Grouping and Exploring with Jupyter-iJavaScript-Utils
As with many of the tutorials we show here, many leverage the wonderful vega datasets, understanding the data is a crucial first step in helping to explain it to others.
Once you have the data, we provide a few additional tools you can use:
- Generate a Schema for your array
- Get the Object Property Types for your array
utils.object.generateSchema(weather)
// {
// "$schema": "http://json-schema.org/draft-04/schema#",
// "type": "array",
// "items": {
// "type": "object",
// "properties": {
// "id": {
// "type": "number"
// },
// "city": {
// "type": "string"
// },
// "month": {
// "type": "string"
// },
// "precip": {
// "type": "number"
// }
// },
// "required": [
// "id",
// "city",
// "month",
// "precip"
// ]
// }
// }
Grouping
Additionally, grouping can be crucial in understanding the true shape of your data.
For example:
initializeWeather = () => [
{ id: 1, city: 'Seattle', month: 'Aug', precip: 0.87 },
{ id: 0, city: 'Seattle', month: 'Apr', precip: 2.68 },
{ id: 2, city: 'Seattle', month: 'Dec', precip: 5.31 },
{ id: 3, city: 'New York', month: 'Apr', precip: 3.94 },
{ id: 4, city: 'New York', month: 'Aug', precip: 4.13 },
{ id: 5, city: 'New York', month: 'Dec', precip: 3.58 },
{ id: 6, city: 'Chicago', month: 'Apr', precip: 3.62 },
{ id: 8, city: 'Chicago', month: 'Dec', precip: 2.56 },
{ id: 7, city: 'Chicago', month: 'Aug', precip: 3.98 }
];
weather = initializeWeather();
We can then identify which records belong to which city by the group by
function:
utils.group.by(weather, 'city')
// SourceMap(3) [Map] {
// 'Seattle' => [
// { id: 1, city: 'Seattle', month: 'Aug', precip: 0.87 },
// { id: 0, city: 'Seattle', month: 'Apr', precip: 2.68 },
// { id: 2, city: 'Seattle', month: 'Dec', precip: 5.31 }
// ],
// 'New York' => [
// { id: 3, city: 'New York', month: 'Apr', precip: 3.94 },
// { id: 4, city: 'New York', month: 'Aug', precip: 4.13 },
// { id: 5, city: 'New York', month: 'Dec', precip: 3.58 }
// ],
// 'Chicago' => [
// { id: 6, city: 'Chicago', month: 'Apr', precip: 3.62 },
// { id: 8, city: 'Chicago', month: 'Dec', precip: 2.56 },
// { id: 7, city: 'Chicago', month: 'Aug', precip: 3.98 }
// ],
// source: 'city'
// }
You can then access those records based on the map index:
utils.group.by(weather, 'city')['Seattle'];
// [
// { id: 1, city: 'Seattle', month: 'Aug', precip: 0.87 },
// { id: 0, city: 'Seattle', month: 'Apr', precip: 2.68 },
// { id: 2, city: 'Seattle', month: 'Dec', precip: 5.31 }
// ]
You can even group by multiple groups to get more fine grained collections:
utils.group.by(weather, 'month', 'city')
// provides:
// SourceMap(3) [Map] {
// 'Aug' => SourceMap(3) [Map] {
// "Seattle" => [{ "id": 1, "city": "Seattle", "month": "Aug", "precip": 0.87 }]

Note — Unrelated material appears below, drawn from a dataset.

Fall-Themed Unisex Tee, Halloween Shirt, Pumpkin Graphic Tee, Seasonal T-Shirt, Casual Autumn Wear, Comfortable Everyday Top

// "New York" => [{"id": 4, "city": "New York", "month": "Aug", "precip": 4.13}]
// "Chicago" => [{"id": 7, "city": "Chicago", "month": "Aug", "precip": 3.98}]
// source: 'city'
// },
// 'Apr' => SourceMap(3) [Map] {
// "Seattle" => [{"id": 0, "city": "Seattle", "month": "Apr", "precip": 2.68}]
// "New York" => [{"id": 3, "city": "New York", "month": "Apr", "precip": 3.94}]

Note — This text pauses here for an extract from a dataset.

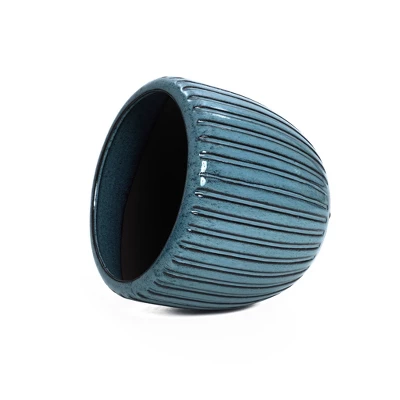 LuxenHome 11" Dia Ceramic Pot For Indoor Plants Large Outdoor Plant Pot Modern Decorative Glazed Flower Pot Round Planter Pot 8 LuxenHome 11" Dia Ceramic Pot For Indoor Plants Large Outdoor Plant Pot Modern Decorative Glazed Flower Pot Round Planter Pot - Image 6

// "Chicago" => [{"id": 6, "city": "Chicago", "month": "Apr", "precip": 3.62}]
// source: 'city'
// },
// 'Dec' => SourceMap(3) [Map] {
// "Seattle" => [{"id": 2, "city": "Seattle", "month": "Dec", "precip": 5.31}]
// "New York" => [{"id": 5, "city": "New York", "month": "Dec", "precip": 3.58}]
// "Chicago" => [{"id": 8, "city": "Chicago", "month": "Dec", "precip": 2.56}]
// source: 'city'
// },
// source: 'month'
// }
(see the Group By module for more)
Aggregating
You can also aggregate the entire collection:
utils.aggregate.unique(weather, 'city');
// [ 'Seattle', 'New York', 'Chicago' ]
Or reduce after grouping
utils.group.by(weather, 'city')
.reduce((group) => ({
min: utils.agg.min(group, 'precip'),
max: utils.agg.max(group, 'precip'),
avg: utils.agg.avgMean(group, 'precip')
}));
// [
// { city: 'Seattle', min: 0.87, max: 5.31, avg: 2.953333333333333 },
// { city: 'New York', min: 3.58, max: 4.13, avg: 3.8833333333333333 },
// { city: 'Chicago', min: 2.56, max: 3.98, avg: 3.3866666666666667 }
// ]
Even rolling your own if you would prefer:
utils.group.rollup(weather, r => r.length, 'city', 'year')
// SourceMap(3) [Map] {
// 'Seattle' => SourceMap(2) [Map] { 2020 => 2, 2021 => 1, source: 'year' },
// 'New York' => SourceMap(2) [Map] { 2021 => 1, 2020 => 2, source: 'year' },
// 'Chicago' => SourceMap(2) [Map] { 2021 => 1, 2020 => 2, source: 'year' },
// source: 'city'
// }
(See the Aggregate Module for more)
Joining data
In addition to aggregating data, we may want to join the data to another dataset, such as through object.join
weatherByCity = utils.group.by(weather, 'city')
.reduce((group) => ({
min: utils.agg.min(group, 'precip'),
max: utils.agg.max(group, 'precip'),
avg: utils.agg.avgMean(group, 'precip')
}));
[
{ city: 'Seattle', min: 0.87, max: 5.31, avg: 2.953333333333333 },
{ city: 'New York', min: 3.58, max: 4.13, avg: 3.8833333333333333 },
{ city: 'Chicago', min: 2.56, max: 3.98, avg: 3.3866666666666667 }
]
cityLocations = [{ city: 'Chicago', state: 'IL', lat: 41.8781, lon: -87.6298 },
{ city: 'New York', state: 'NY', lat: 40.7128, lon: -74.0060 },
{ city: 'Seattle', state: 'WA', lat: 47.6062, lon: -122.3321 }];
[
{ city: 'Chicago', state: 'IL', lat: 41.8781, lon: -87.6298 },
{ city: 'New York', state: 'NY', lat: 40.7128, lon: -74.006 },
{ city: 'Seattle', state: 'WA', lat: 47.6062, lon: -122.3321 }
]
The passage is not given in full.